The smell of fear proves to be reality
www.chinaview.cn 2008-03-29 12:50:26   Print

    BEIJING, March 29 -- Know how a whiff of certain odors can take you back in time, either to a great memory or bad one?

    It turns out emotion plays an even bigger role with the nose, and that your sense of smell actually can sharpen when something bad happens.

    Northwestern University researchers proved the surprising connection by giving volunteers electric shocks while they sniffed novel odors.

    The discovery, reported in yesterday's edition of the journal Science, helps explain how our senses can steer us clear of danger. More intriguingly, it could shed light on disorders such as post-traumatic stress syndrome.

    "This is an incredibly unique study," said Dr. David Zald, a Vanderbilt University neuroscientist who studies how the brain handles sensory and emotional learning. "We're talking about a change in our perceptual abilities based on emotional learning."

    Scientists long have known of a strong link between the sense of smell and emotion. A certain perfume or scent of baking pie, for instance, can raise memories of a long-dead loved one. Conversely, a whiff of diesel fuel might trigger a flashback for a soldier suffering PTSD.

    Could an emotionally charged situation make that initial cue be perceived more strongly in the first place?

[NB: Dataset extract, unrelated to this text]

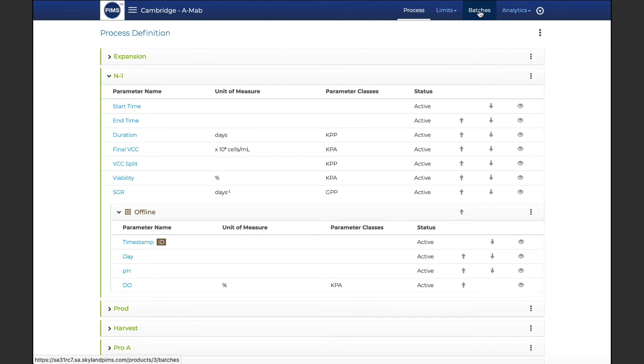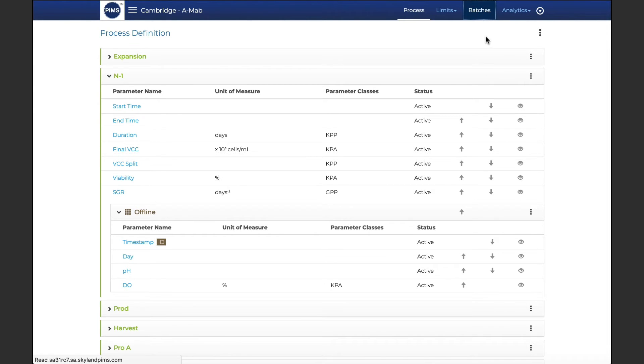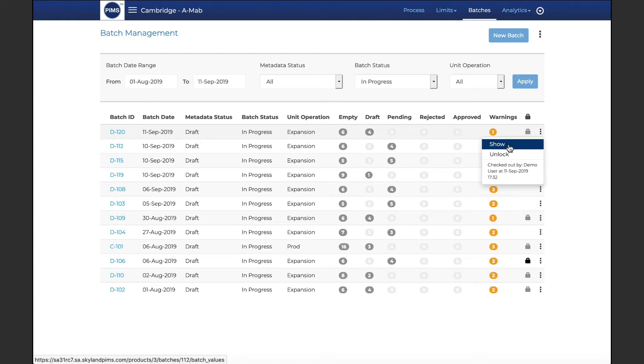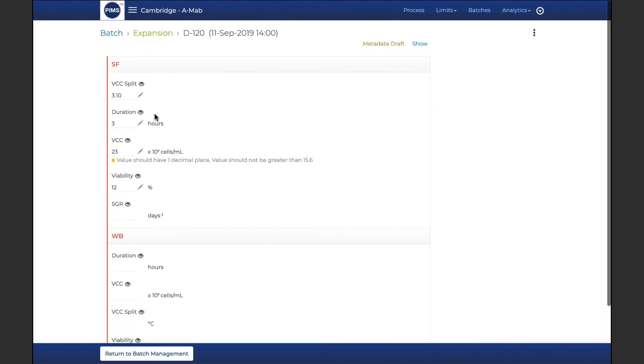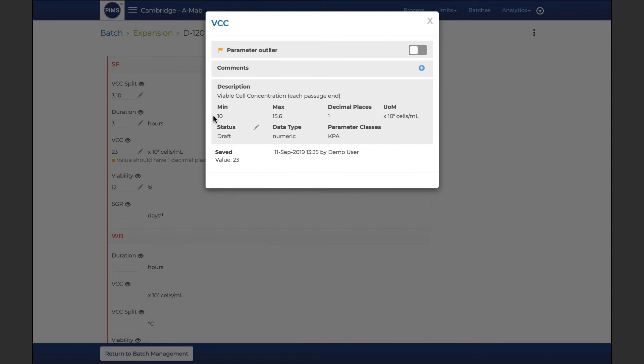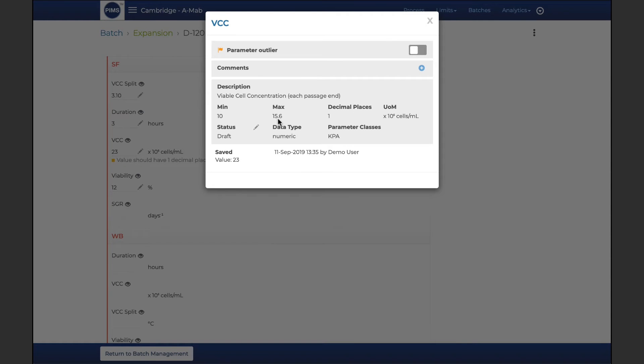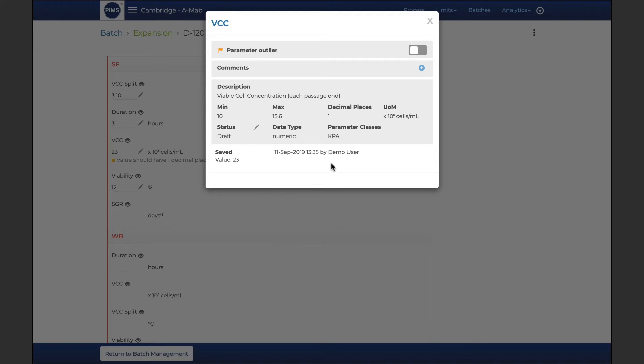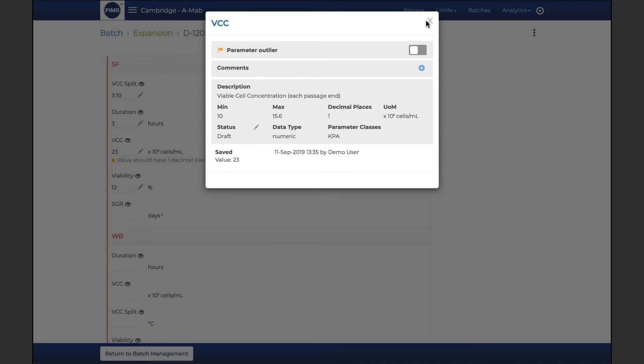PIMS batch provides visibility into the status of all batches for which data has been uploaded or entered. Data entry pages are automatically configured when processes are defined, including expected data ranges for numeric parameters. PIMS tracks the status of each parameter value and enables the submission and approval of results as the batch progresses, and includes a full audit trail to ensure data integrity and accelerate reporting.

    The research team recruited 12 healthy young adults to find out.

    Volunteers repeatedly smelled sets of laboratory chemicals with odors distinctly different from ones in everyday life. An "oily grassy" smell is the best description that lead researcher Wen Li, a Northwestern postdoctoral fellow in neuroscience, could give.

    Two of the bottles in a set contained the same substance and the third had a mirror image of it, meaning its odor normally would be indistinguishable.

    Then Li gave the volunteers mild electric shocks while they smelled just the odd chemical. In later smell tests, they could correctly pick out the odd odor 70 percent of the time.

    MRI scans showed the improvement was more than coincidence.

    There were changes in how the brain's main olfactory region stored the odor information.

    In other words, the brain seems to have a mechanism to sniff out threats.